- _EXERCISE_
Please copy the data below exactly; none of the pictures in it belong in the copy.

- _MATERIAL PROVIDED_
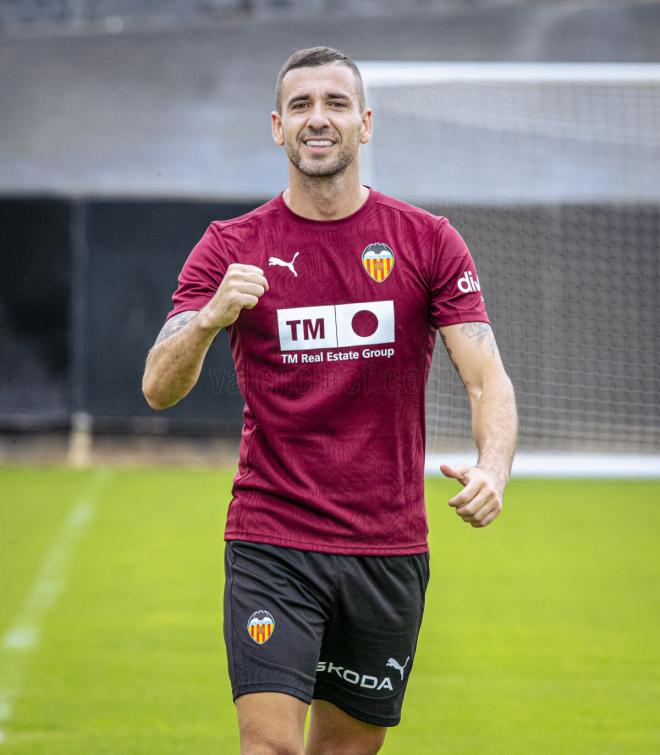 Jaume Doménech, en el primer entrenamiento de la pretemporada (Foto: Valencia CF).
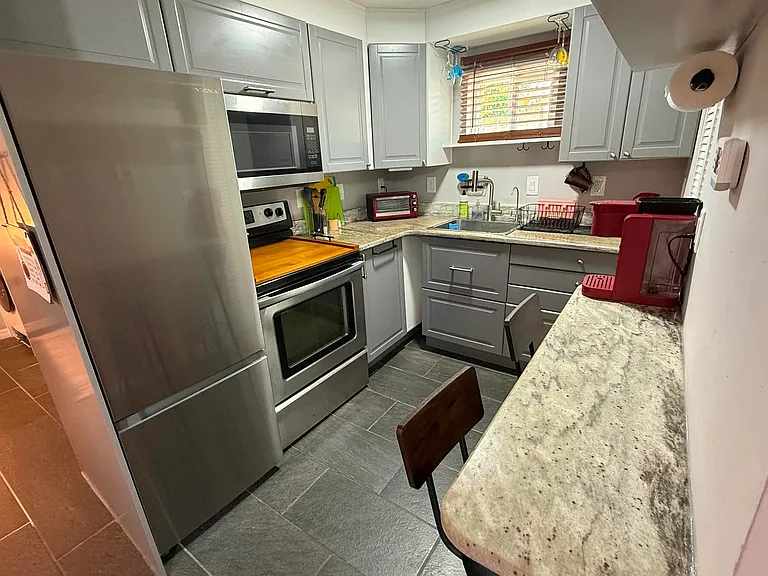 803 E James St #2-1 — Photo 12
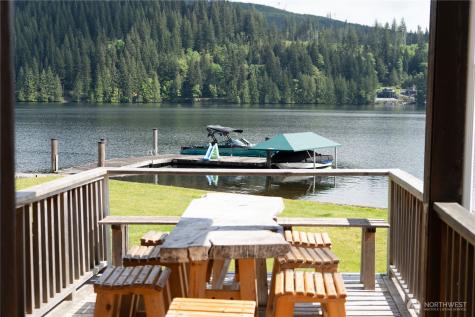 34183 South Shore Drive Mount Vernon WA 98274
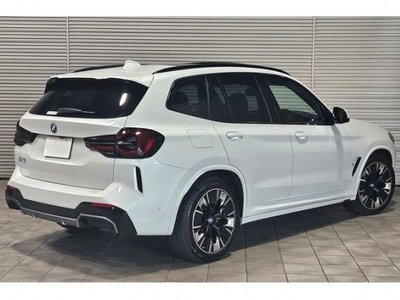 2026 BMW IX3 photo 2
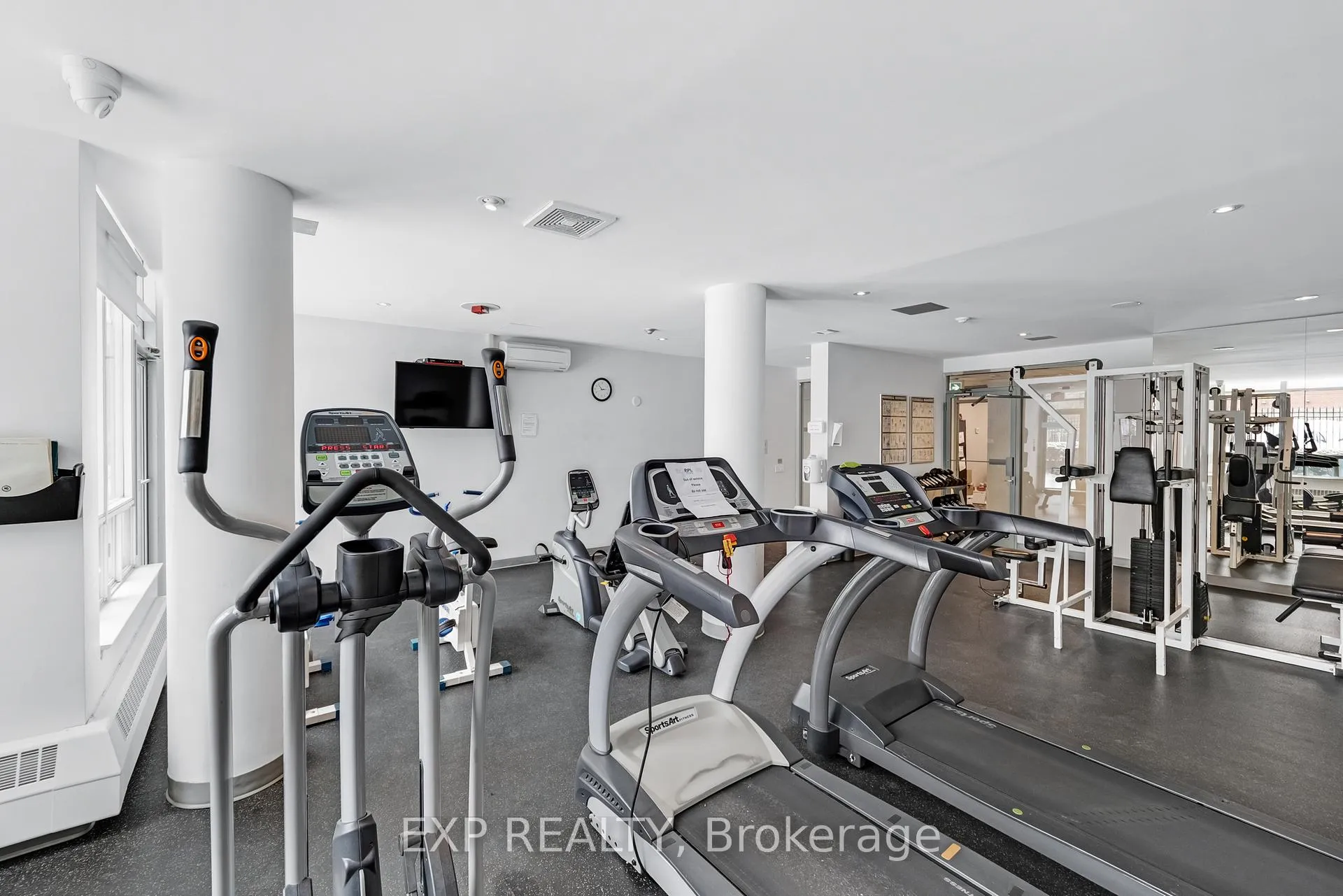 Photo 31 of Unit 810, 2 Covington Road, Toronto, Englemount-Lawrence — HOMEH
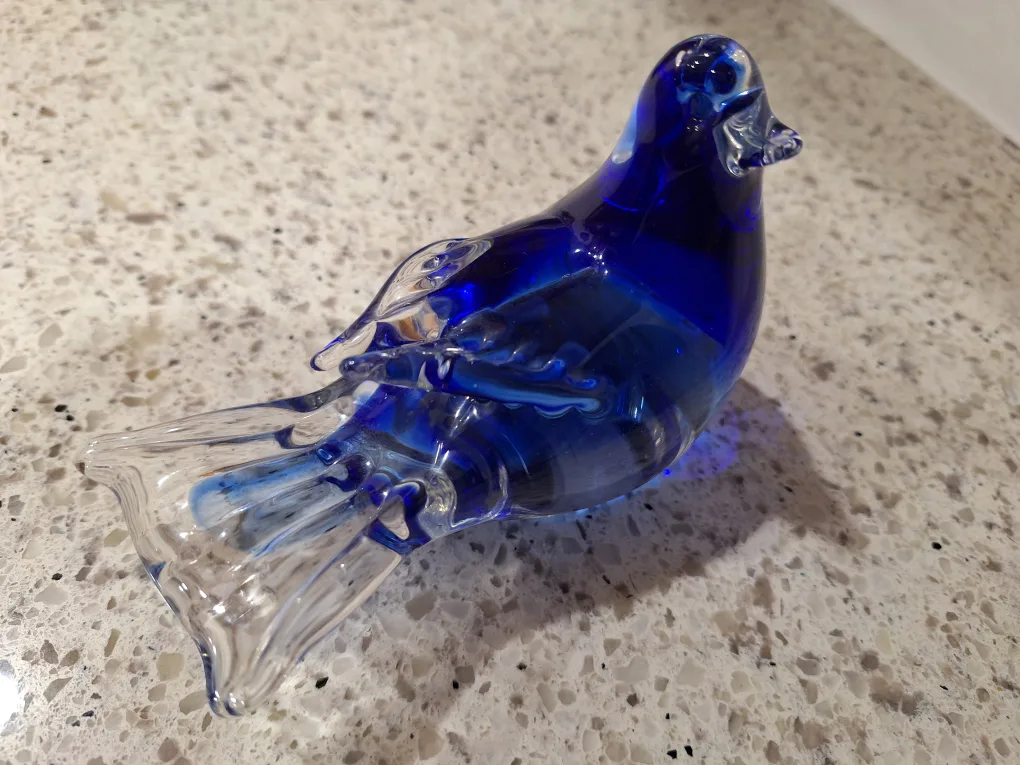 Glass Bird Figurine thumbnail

- _RESPONSE TO THIS TASK_
 Jaume Doménech, en el primer entrenamiento de la pretemporada (Foto: Valencia CF).
 803 E James St #2-1 — Photo 12
 34183 South Shore Drive Mount Vernon WA 98274
 2026 BMW IX3 photo 2
 Photo 31 of Unit 810, 2 Covington Road, Toronto, Englemount-Lawrence — HOMEH
 Glass Bird Figurine thumbnail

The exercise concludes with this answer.